[patch] Added reset of SPIv2 on FIFO error

Use this forum for requesting small changes in ChibiOS. Large changes should be discussed in the development forum. This forum is NOT for support.
tridge
Posts: 101
Joined: Mon Sep 25, 2017 8:27 am
Has thanked: 8 times
Been thanked: 12 times
Contact:

[patch] Added reset of SPIv2 on FIFO error

Postby tridge » Sat Jul 27, 2019 12:08 pm

While testing a flight controller based on a STM32F765IIK6 we hit a problem in flight where SPI transactions from a MS5611 barometer went crazy. As this caused a crash we tried to reproduce the problem on the ground.
I found that the SPI peripheral (SPI4) can get into a bad state due to a momentary electrical glitch on the clock line. When this happens the FIFO appears as non-empty and all incoming transfers are corrupted (both with polled and DMA transfers).
I thought we could fix it by just draining the FIFO, but it doesn't help. So instead I have used the non-empty FIFO to trigger a reset using the RCC. This works nicely, and when I deliberately trigger the issue by shorting the SCK line to another pin the peripheral is automatically reset and the flight controller recovers.
Patch attached.
Attachments
0001-STM32-check-for-FIFO-de-sync-in-SPIv2-and-reset-peri.zip
(1.48 KiB) Downloaded 8 times

User avatar
Giovanni
Site Admin
Posts: 12177
Joined: Wed May 27, 2009 8:48 am
Location: Salerno, Italy
Has thanked: 570 times
Been thanked: 487 times
Contact:

Re: [patch] Added reset of SPIv2 on FIFO error

Postby Giovanni » Sat Jul 27, 2019 6:43 pm

Question,

My question is, what causes the glitch?

CLK is an output line, should we put a SW fix for what appears to be an electrical problem?

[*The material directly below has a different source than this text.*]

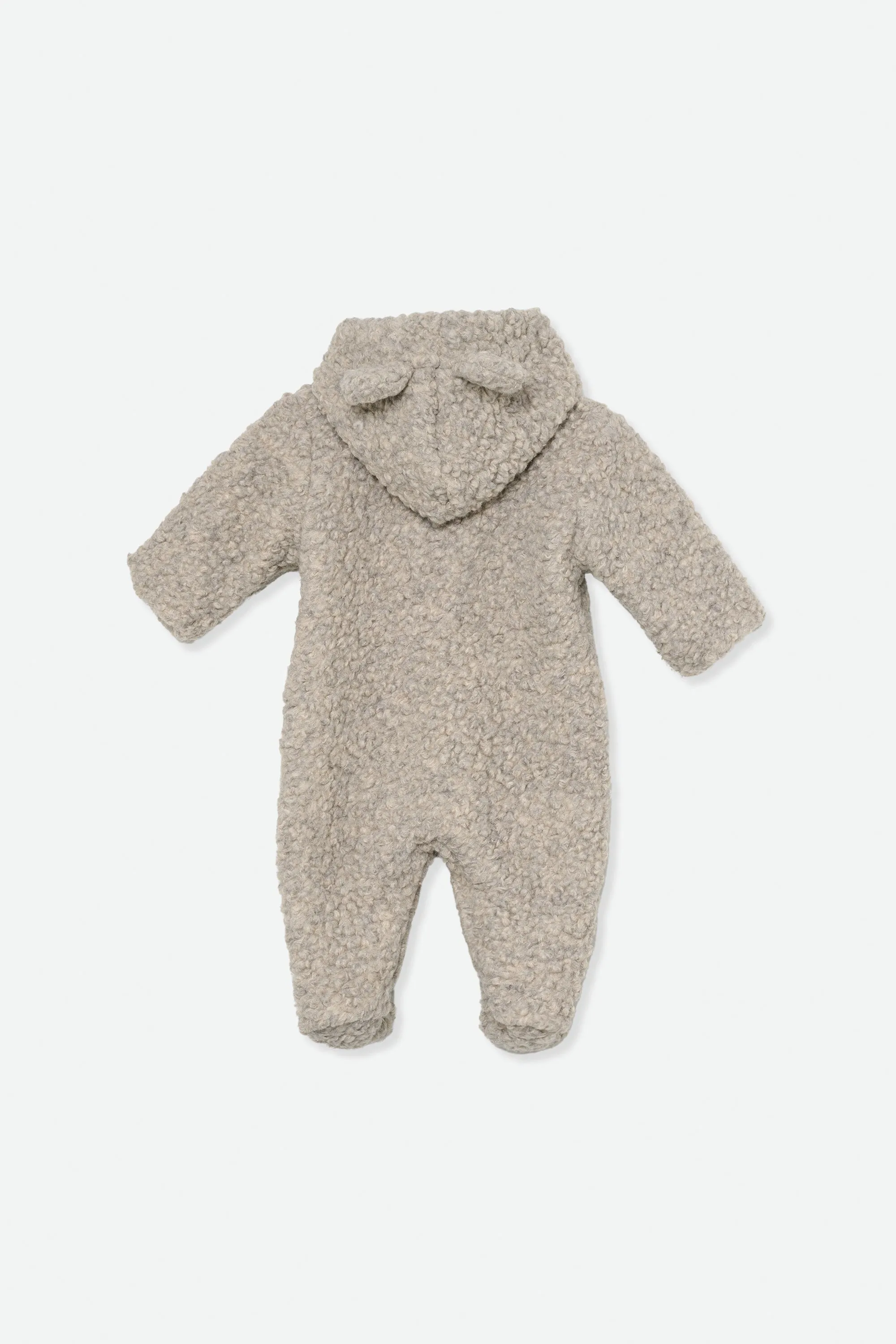 TEDDY FLEECE NEWBORN BEAR SUIT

I am asking because the fix appears to be heavy and would worsen SPI latency significantly.

Giovanni

tridge
Posts: 101
Joined: Mon Sep 25, 2017 8:27 am
Has thanked: 8 times
Been thanked: 12 times
Contact:

Re: [patch] Added reset of SPIv2 on FIFO error

Postby tridge » Sat Jul 27, 2019 11:31 pm

Giovanni wrote:My question is, what causes the glitch?

we don't know. The issue happened once in flight. All we knew from that flight was that we started getting crazy values back from SPI reads on the MS5611. A reboot fixed it.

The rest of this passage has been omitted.